Man on Fire
Screen Time: 45%
Age: 9 years old
Man on Fire
Directed: Tony Scott
Country: USA, Mexico
Language: English, Spanish
Genre: Action, Crime, Drama
A wave of kidnappings has swept through Mexico, feeding a growing sense of panic among its wealthier citizens, especially parents. In one six-day period, there were twenty-four abductions, leading many to hire bodyguards for their children. Into this world enters John Creasy, a burned-out ex-CIA operative/assassin, who has given up on life. Creasy's friend Rayburn brings him to Mexico City to be a bodyguard to nine-year-old Pita Ramos, daughter of industrialist Samuel Ramos and his wife Lisa. Creasy is not interested in being a bodyguard, especially to a youngster, but for lack of something better to do, he accepts the assignment. Creasy barely tolerates the precocious child and her pestering questions about him and his life. But slowly, she chips away at his seemingly impenetrable exterior, his defenses drop, and he opens up to her. Creasy's new-found purpose in life is shattered when Pita is kidnapped. Despite being seriously wounded during the kidnapping, he vows to kill anyone involved in or profiting from the kidnapping. And no one can stop him.

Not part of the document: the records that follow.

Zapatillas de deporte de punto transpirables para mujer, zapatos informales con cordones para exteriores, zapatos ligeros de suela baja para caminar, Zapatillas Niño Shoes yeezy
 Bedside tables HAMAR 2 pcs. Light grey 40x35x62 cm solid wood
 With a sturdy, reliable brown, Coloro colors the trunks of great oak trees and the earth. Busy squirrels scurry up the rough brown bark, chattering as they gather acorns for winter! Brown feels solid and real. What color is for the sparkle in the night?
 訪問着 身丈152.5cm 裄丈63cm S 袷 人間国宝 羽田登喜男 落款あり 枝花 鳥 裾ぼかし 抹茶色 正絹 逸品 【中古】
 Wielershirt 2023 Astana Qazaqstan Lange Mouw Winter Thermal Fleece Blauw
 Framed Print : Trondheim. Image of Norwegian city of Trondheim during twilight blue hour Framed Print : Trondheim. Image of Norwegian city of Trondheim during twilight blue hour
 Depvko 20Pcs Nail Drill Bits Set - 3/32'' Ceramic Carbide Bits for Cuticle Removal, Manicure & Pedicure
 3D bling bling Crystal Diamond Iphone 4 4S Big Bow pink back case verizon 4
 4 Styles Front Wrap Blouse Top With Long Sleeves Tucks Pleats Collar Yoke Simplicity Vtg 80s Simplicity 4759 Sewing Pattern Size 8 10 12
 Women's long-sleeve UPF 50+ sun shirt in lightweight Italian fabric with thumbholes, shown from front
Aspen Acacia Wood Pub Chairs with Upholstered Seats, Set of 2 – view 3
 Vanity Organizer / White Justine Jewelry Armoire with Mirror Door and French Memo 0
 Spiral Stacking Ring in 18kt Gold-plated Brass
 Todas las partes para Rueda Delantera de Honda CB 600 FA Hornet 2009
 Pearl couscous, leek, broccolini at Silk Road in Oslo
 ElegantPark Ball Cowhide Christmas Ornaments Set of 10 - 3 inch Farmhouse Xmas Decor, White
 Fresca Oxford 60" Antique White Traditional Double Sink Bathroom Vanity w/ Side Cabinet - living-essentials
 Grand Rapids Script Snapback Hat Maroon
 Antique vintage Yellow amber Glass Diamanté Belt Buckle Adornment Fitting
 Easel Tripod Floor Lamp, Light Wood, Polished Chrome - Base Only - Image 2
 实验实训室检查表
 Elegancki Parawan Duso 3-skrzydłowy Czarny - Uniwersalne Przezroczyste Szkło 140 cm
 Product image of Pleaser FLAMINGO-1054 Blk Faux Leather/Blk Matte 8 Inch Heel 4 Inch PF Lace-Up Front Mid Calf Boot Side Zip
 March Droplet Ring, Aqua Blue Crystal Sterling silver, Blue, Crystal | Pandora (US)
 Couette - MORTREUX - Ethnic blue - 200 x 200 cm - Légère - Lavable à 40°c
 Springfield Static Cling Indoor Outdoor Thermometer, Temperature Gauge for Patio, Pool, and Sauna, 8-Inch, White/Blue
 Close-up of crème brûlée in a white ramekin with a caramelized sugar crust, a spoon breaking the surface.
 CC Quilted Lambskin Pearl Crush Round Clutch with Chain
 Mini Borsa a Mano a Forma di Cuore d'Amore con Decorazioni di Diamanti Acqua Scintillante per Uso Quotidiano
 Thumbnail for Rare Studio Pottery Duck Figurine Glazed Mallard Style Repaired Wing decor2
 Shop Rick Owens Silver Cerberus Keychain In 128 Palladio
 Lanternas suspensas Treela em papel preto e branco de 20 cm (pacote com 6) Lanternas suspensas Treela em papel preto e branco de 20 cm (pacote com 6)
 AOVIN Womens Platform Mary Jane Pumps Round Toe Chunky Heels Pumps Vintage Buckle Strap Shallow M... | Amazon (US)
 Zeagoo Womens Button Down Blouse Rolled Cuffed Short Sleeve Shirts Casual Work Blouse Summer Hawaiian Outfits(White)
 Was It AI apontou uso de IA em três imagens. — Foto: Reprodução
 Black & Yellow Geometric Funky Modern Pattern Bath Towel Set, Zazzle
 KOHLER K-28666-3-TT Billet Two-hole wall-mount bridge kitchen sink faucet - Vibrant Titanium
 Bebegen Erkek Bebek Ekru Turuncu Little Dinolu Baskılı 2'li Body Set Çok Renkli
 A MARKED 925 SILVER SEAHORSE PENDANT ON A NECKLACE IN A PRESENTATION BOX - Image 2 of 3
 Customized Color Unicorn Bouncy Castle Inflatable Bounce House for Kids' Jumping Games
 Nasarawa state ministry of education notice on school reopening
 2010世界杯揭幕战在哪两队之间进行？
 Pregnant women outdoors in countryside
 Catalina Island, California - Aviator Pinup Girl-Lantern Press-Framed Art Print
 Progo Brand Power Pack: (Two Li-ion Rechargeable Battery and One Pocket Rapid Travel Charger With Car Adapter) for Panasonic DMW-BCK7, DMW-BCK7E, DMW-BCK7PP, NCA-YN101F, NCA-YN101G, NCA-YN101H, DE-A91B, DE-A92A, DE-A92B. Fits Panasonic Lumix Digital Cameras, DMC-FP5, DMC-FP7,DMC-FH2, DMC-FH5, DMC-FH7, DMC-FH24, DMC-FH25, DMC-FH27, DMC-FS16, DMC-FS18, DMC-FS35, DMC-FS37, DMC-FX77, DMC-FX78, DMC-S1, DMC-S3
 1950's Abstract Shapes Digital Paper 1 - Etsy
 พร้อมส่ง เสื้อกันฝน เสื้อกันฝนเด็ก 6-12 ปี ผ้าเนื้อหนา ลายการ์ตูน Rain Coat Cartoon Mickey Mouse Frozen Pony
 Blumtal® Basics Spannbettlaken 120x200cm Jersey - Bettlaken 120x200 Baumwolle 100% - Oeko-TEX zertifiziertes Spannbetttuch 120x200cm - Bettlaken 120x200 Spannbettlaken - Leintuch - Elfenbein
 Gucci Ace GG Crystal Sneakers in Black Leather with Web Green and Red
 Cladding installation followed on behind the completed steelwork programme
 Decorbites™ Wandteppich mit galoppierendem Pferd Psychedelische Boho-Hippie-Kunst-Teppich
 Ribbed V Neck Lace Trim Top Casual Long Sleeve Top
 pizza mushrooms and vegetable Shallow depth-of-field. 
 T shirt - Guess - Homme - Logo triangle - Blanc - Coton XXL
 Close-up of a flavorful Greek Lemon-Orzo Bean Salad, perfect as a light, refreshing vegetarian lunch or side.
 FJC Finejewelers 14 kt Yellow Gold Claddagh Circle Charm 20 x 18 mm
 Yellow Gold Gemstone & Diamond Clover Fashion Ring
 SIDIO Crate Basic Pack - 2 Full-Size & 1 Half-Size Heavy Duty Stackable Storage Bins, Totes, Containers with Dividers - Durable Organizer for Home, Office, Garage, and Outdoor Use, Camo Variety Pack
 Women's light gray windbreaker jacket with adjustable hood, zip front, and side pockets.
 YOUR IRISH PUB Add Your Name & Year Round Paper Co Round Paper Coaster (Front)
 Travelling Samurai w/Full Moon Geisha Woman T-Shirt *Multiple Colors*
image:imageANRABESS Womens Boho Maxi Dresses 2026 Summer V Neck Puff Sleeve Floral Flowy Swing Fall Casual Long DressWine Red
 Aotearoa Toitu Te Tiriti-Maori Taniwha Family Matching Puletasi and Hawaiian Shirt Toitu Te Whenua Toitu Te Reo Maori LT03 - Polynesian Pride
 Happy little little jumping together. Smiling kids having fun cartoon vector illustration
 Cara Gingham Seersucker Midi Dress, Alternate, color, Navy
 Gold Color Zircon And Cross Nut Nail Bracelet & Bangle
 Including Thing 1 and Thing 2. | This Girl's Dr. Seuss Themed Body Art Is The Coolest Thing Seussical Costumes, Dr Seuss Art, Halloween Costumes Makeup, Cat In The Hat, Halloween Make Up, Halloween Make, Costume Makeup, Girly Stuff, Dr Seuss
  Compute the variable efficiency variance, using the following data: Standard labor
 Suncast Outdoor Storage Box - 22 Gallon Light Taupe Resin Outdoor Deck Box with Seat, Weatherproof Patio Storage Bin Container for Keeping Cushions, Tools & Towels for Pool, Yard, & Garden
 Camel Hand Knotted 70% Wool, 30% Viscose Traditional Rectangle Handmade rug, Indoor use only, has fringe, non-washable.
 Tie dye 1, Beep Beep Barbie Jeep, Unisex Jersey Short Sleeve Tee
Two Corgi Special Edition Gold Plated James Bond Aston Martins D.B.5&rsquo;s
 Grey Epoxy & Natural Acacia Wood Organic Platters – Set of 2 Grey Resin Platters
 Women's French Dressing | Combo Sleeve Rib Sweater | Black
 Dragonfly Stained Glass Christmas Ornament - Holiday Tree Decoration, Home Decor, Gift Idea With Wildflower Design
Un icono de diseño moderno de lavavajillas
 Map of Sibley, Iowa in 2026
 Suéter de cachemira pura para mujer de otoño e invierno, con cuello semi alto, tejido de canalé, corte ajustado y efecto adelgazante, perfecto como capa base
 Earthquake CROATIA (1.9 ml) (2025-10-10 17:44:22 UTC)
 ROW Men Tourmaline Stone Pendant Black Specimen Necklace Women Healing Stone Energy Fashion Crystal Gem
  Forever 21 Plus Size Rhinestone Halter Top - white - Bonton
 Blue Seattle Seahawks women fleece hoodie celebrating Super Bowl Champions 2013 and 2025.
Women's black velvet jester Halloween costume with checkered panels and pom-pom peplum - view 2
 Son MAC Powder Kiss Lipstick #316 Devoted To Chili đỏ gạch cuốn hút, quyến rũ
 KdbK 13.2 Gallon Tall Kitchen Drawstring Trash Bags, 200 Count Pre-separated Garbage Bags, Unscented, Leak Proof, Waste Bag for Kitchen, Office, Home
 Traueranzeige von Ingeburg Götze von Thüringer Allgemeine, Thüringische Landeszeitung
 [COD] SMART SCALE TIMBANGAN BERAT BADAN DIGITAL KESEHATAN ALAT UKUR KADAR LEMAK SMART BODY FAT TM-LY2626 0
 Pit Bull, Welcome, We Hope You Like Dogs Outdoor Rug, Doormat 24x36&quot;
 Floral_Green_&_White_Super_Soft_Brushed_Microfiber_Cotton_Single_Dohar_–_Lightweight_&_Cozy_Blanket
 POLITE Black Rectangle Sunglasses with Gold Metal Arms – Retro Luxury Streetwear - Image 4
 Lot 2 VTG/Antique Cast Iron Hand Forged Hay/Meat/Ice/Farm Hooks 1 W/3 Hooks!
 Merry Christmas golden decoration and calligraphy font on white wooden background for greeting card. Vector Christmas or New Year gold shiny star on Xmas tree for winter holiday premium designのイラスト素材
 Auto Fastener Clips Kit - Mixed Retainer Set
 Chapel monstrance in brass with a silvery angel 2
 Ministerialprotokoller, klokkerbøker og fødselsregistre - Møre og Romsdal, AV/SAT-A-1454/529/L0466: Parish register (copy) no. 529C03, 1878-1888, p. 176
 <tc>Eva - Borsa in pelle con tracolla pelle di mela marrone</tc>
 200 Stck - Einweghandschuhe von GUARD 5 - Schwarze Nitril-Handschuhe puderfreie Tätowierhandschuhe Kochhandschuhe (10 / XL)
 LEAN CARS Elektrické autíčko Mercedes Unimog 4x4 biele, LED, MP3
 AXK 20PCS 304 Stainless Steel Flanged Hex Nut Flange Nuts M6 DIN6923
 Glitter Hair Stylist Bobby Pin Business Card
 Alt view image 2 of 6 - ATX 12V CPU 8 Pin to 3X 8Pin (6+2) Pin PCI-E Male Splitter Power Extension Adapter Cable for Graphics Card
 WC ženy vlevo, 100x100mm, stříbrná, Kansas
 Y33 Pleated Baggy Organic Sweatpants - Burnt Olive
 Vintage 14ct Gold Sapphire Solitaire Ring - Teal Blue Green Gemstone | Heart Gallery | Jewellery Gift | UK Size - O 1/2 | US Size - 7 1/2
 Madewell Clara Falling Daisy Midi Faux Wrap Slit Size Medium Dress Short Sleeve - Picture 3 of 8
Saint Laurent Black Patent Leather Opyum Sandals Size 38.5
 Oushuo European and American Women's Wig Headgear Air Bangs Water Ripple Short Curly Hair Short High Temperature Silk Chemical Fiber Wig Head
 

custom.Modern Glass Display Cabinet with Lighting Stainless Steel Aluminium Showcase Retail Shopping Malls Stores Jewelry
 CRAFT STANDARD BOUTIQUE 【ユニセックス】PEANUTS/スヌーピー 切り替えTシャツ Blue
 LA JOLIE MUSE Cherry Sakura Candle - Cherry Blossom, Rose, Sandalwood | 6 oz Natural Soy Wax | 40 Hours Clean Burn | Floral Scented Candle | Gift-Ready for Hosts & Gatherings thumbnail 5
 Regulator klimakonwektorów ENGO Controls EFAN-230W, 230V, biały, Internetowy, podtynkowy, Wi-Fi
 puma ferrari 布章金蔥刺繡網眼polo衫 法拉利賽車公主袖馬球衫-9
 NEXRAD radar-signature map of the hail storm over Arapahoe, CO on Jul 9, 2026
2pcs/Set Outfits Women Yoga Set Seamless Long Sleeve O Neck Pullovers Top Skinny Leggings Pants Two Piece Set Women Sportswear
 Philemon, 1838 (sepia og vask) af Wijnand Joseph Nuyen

Movie ReviewsTony Scott’s Man on Fire is, without a doubt, one of the most brutal films I have ever seen. Denzel Washington gives a wonderful performance as Creasy, a man who’s past (which we never see, we only have a few lines of dialogue that hint at how much evil Creasy has seen and done.) And when the revenge story kicks in, we see why Creasy doesn’t believe God will forgive him for his sins. This is not a film for the squeamish.
However, the film is not just about graphic violence. The film is, at heart, a tender love story between a man who has nothing to live for and a girl who shows him the way out of the darkness. The interaction between Creasy and Pita (Fanning) is wonderful and believable. At first Creasy doesn’t want anything to do with the girl, he is just her bodyguard, nothing more. But as time goes on, he starts to open up to her and soon he becomes a surrogate father, as her real father is never there for her. And by the time she is kidnapped, we believe that Creasy would stop at nothing to get her back.
Scott’s choices in composition are wonderful, although on occasion a little oppressive. The use of reversal stock and cross process creates a reality that is tangible and yet somewhat surreal. The composition really allows the audience to accept Creasy brutality, because we are given a brutal reality from the very beginning.
Is this film for everyone? Not really. While the story is essentially a love story that ends with the redemption of Creasy, the brutal violent revenge might throw some viewers off. The cast is strong, Scott’s direction is fantastic, and the story keeps you on edge the whole time. It’s a wonderful film.